Tyler Nordgren

Title: 
Associate Professor of Physics, University of Redlands
Dr. Tyler Nordgren

Cover of Stars Above, Earth Below by Tyler Nordgren

Dr. Tyler Nordgren is an astronomer and Professor of Astronomy at the University of Redlands in California.

Tyler grew up outside of Anchorage, Alaska but earned his Ph.D in Astronomy from Cornell University in New York. At Cornell, he used some of the largest telescopes on Earth where he measured the size of dark matter halos around spiral galaxies. As a post-doctoral researcher at the U.S. Naval Observatory he helped construct the Navy Prototype Optical Interferometer, one of a new generation of telescopes that allows astronomers to observe the size and shape of distant stars with unprecedented resolution. At the NPOI, Tyler worked to directly observe the diameters of such household stars as Pollux and Polaris and the pulsating atmospheres of Cepheid variable stars.

Since 2001 Tyler has been at the University of Redlands, a small, private liberal arts college in southern California, where he has developed new and innovative public outreach opportunities for scientists and students.

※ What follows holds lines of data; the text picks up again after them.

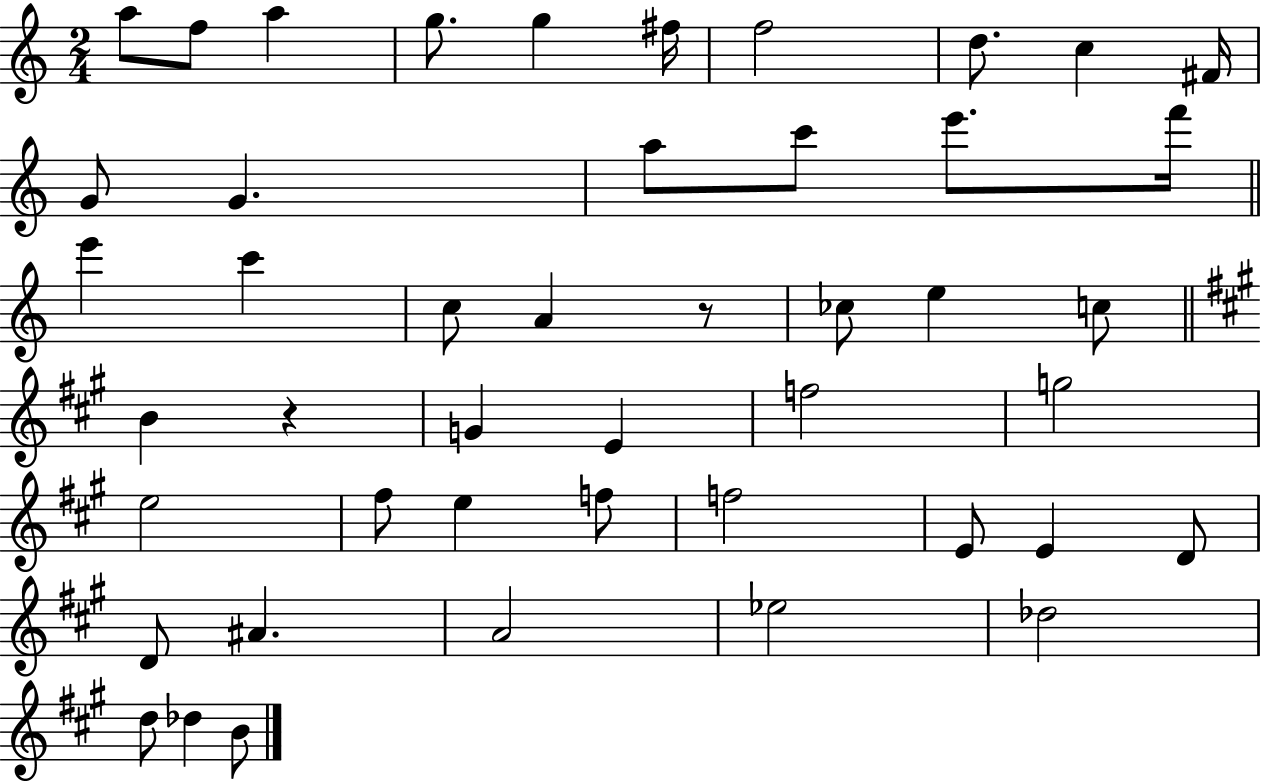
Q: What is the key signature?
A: C major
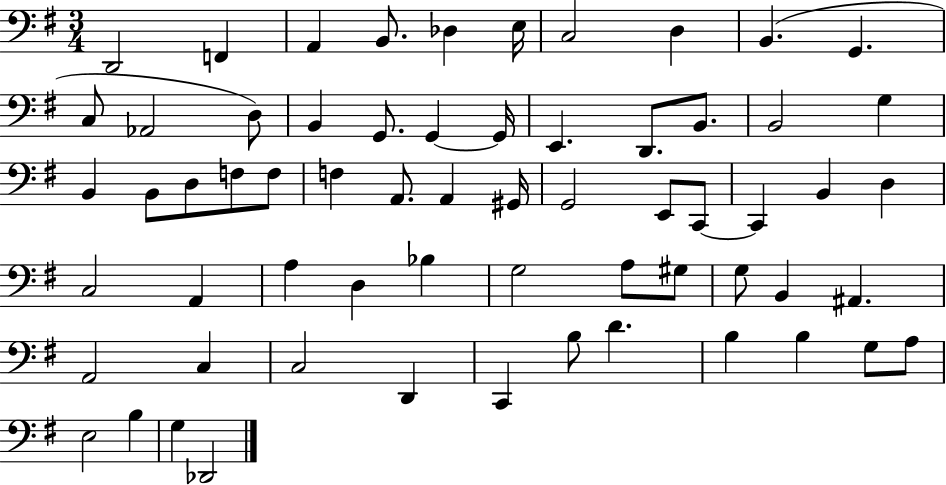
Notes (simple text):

D2/h F2/q A2/q B2/e. Db3/q E3/s C3/h D3/q B2/q. G2/q. C3/e Ab2/h D3/e B2/q G2/e. G2/q G2/s E2/q. D2/e. B2/e. B2/h G3/q B2/q B2/e D3/e F3/e F3/e F3/q A2/e. A2/q G#2/s G2/h E2/e C2/e C2/q B2/q D3/q C3/h A2/q A3/q D3/q Bb3/q G3/h A3/e G#3/e G3/e B2/q A#2/q. A2/h C3/q C3/h D2/q C2/q B3/e D4/q. B3/q B3/q G3/e A3/e E3/h B3/q G3/q Db2/h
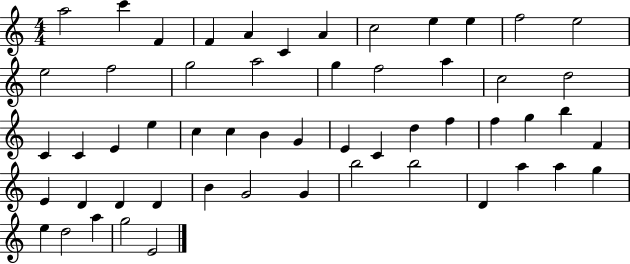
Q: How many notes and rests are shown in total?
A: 55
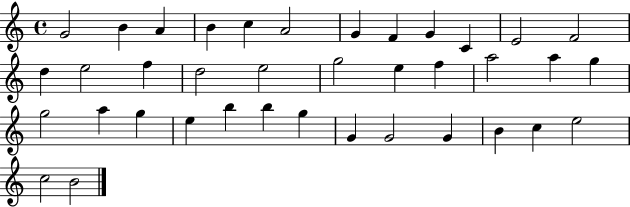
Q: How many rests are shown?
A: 0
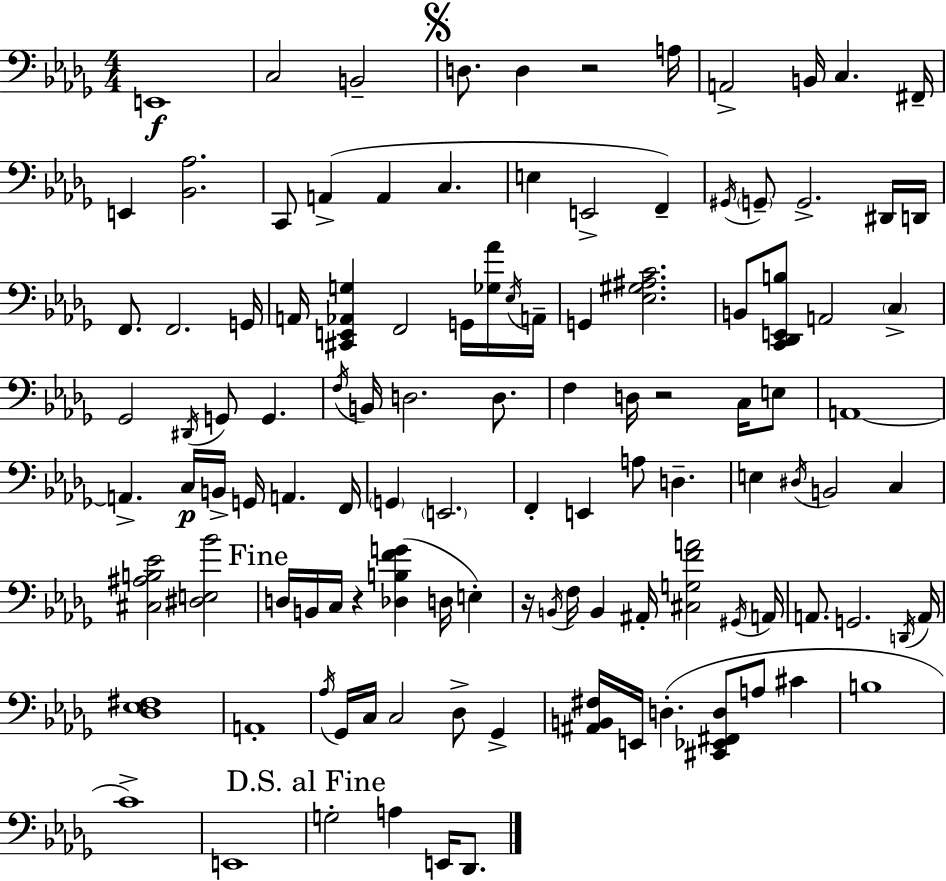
X:1
T:Untitled
M:4/4
L:1/4
K:Bbm
E,,4 C,2 B,,2 D,/2 D, z2 A,/4 A,,2 B,,/4 C, ^F,,/4 E,, [_B,,_A,]2 C,,/2 A,, A,, C, E, E,,2 F,, ^G,,/4 G,,/2 G,,2 ^D,,/4 D,,/4 F,,/2 F,,2 G,,/4 A,,/4 [^C,,E,,_A,,G,] F,,2 G,,/4 [_G,_A]/4 _E,/4 A,,/4 G,, [_E,^G,^A,C]2 B,,/2 [C,,_D,,E,,B,]/2 A,,2 C, _G,,2 ^D,,/4 G,,/2 G,, F,/4 B,,/4 D,2 D,/2 F, D,/4 z2 C,/4 E,/2 A,,4 A,, C,/4 B,,/4 G,,/4 A,, F,,/4 G,, E,,2 F,, E,, A,/2 D, E, ^D,/4 B,,2 C, [^C,^A,B,_E]2 [^D,E,_B]2 D,/4 B,,/4 C,/4 z [_D,B,FG] D,/4 E, z/4 B,,/4 F,/4 B,, ^A,,/4 [^C,G,FA]2 ^G,,/4 A,,/4 A,,/2 G,,2 D,,/4 A,,/4 [_D,_E,^F,]4 A,,4 _A,/4 _G,,/4 C,/4 C,2 _D,/2 _G,, [^A,,B,,^F,]/4 E,,/4 D, [^C,,_E,,^F,,D,]/2 A,/2 ^C B,4 C4 E,,4 G,2 A, E,,/4 _D,,/2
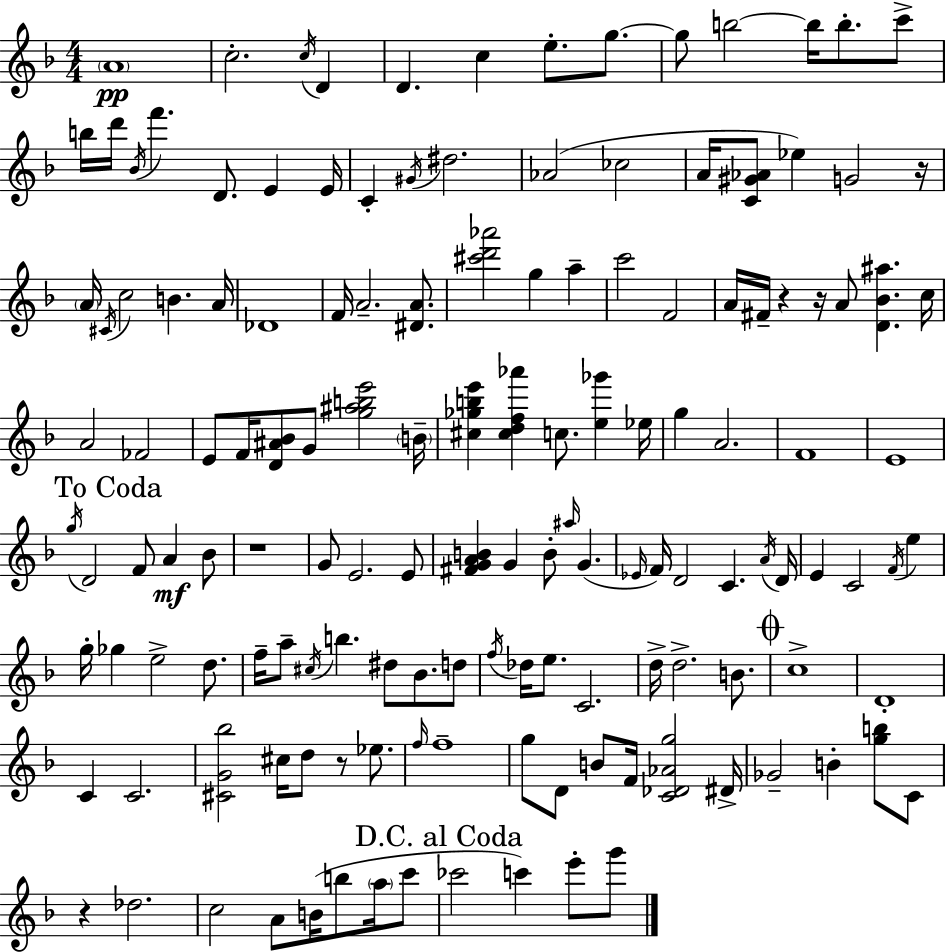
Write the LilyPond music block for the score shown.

{
  \clef treble
  \numericTimeSignature
  \time 4/4
  \key d \minor
  \parenthesize a'1\pp | c''2.-. \acciaccatura { c''16 } d'4 | d'4. c''4 e''8.-. g''8.~~ | g''8 b''2~~ b''16 b''8.-. c'''8-> | \break b''16 d'''16 \acciaccatura { bes'16 } f'''4. d'8. e'4 | e'16 c'4-. \acciaccatura { gis'16 } dis''2. | aes'2( ces''2 | a'16 <c' gis' aes'>8 ees''4) g'2 | \break r16 \parenthesize a'16 \acciaccatura { cis'16 } c''2 b'4. | a'16 des'1 | f'16 a'2.-- | <dis' a'>8. <cis''' d''' aes'''>2 g''4 | \break a''4-- c'''2 f'2 | a'16 fis'16-- r4 r16 a'8 <d' bes' ais''>4. | c''16 a'2 fes'2 | e'8 f'16 <d' ais' bes'>8 g'8 <g'' ais'' b'' e'''>2 | \break \parenthesize b'16-- <cis'' ges'' b'' e'''>4 <cis'' d'' f'' aes'''>4 c''8. <e'' ges'''>4 | ees''16 g''4 a'2. | f'1 | e'1 | \break \mark "To Coda" \acciaccatura { g''16 } d'2 f'8 a'4\mf | bes'8 r1 | g'8 e'2. | e'8 <fis' g' a' b'>4 g'4 b'8-. \grace { ais''16 }( | \break g'4. \grace { ees'16 }) f'16 d'2 | c'4. \acciaccatura { a'16 } d'16 e'4 c'2 | \acciaccatura { f'16 } e''4 g''16-. ges''4 e''2-> | d''8. f''16-- a''8-- \acciaccatura { cis''16 } b''4. | \break dis''8 bes'8. d''8 \acciaccatura { f''16 } des''16 e''8. c'2. | d''16-> d''2.-> | b'8. \mark \markup { \musicglyph "scripts.coda" } c''1-> | d'1-. | \break c'4 c'2. | <cis' g' bes''>2 | cis''16 d''8 r8 ees''8. \grace { f''16 } f''1-- | g''8 d'8 | \break b'8 f'16 <c' des' aes' g''>2 dis'16-> ges'2-- | b'4-. <g'' b''>8 c'8 r4 | des''2. c''2 | a'8 b'16( b''8 \parenthesize a''16 c'''8 \mark "D.C. al Coda" ces'''2 | \break c'''4) e'''8-. g'''8 \bar "|."
}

In 2004 he was part of small team of seven astronomers and artists who converted the Spirit and Opportunity Mars Rover camera calibration targets into functioning sundials and saw them land safely in Gusev Crater and Meridiani Planum on Mars.

Since 2005 he has been a member of the National Park Service Night Sky Team dedicated to helping monitor and protect the dark night sky above America’s national parks. In 2007 Tyler spent a full year traveling through the national parks working with rangers, scientists, and park visitors to better understand the world of astronomy visible every day and night in the nation’s parks. Since becoming an astronomer, Dr. Nordgren’s science and outreach activities have taken him from the Hopi Reservation to the downtown streets of Rome while his artwork has been on display in galleries in Maine and on the surface of Mars.